Dataset excerpt >>
####################

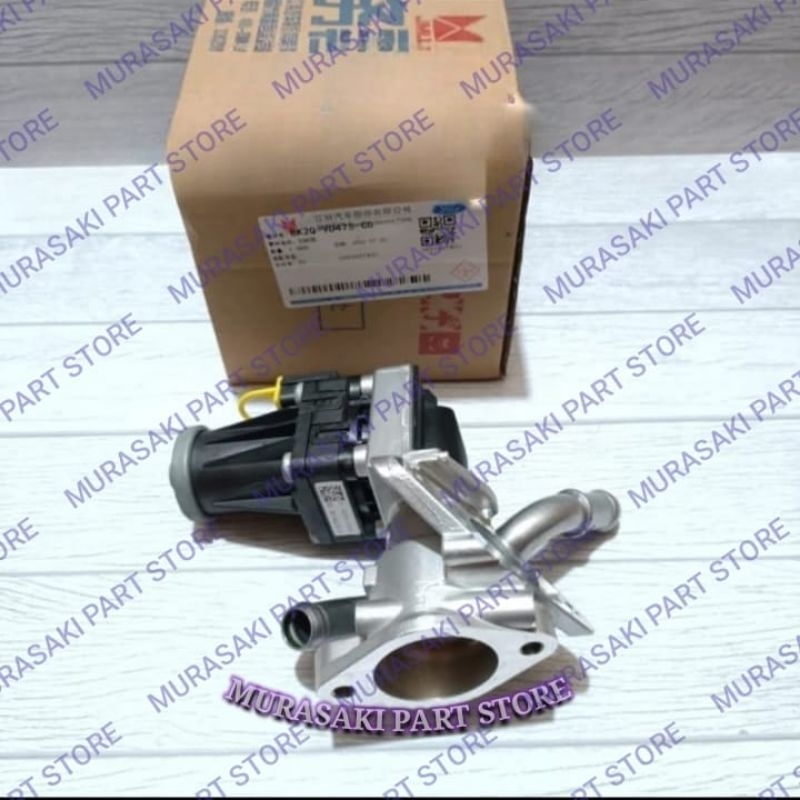 Jual Valve Switch Sensor EGR Ford Ranger 2.2 2.2cc 2200cc 3.2 3.2cc ...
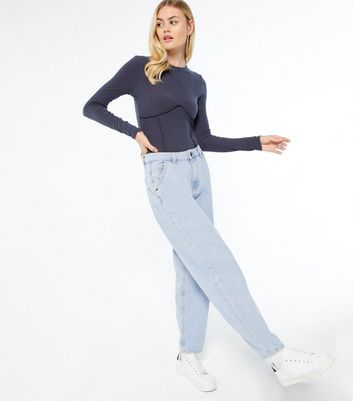 new look slouch jeans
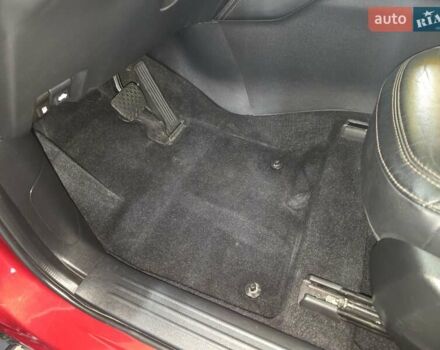 Красный Мазда СХ-5, объемом двигателя 2.49 л и пробегом 62 тыс. км за 19900 $, фото 28 на Automoto.ua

####################

Exercise brief >>
Skip the pictures, then return the rest of the data exactly.

Solution below >>
 Jual Valve Switch Sensor EGR Ford Ranger 2.2 2.2cc 2200cc 3.2 3.2cc ...
 new look slouch jeans
 Красный Мазда СХ-5, объемом двигателя 2.49 л и пробегом 62 тыс. км за 19900 $, фото 28 на Automoto.ua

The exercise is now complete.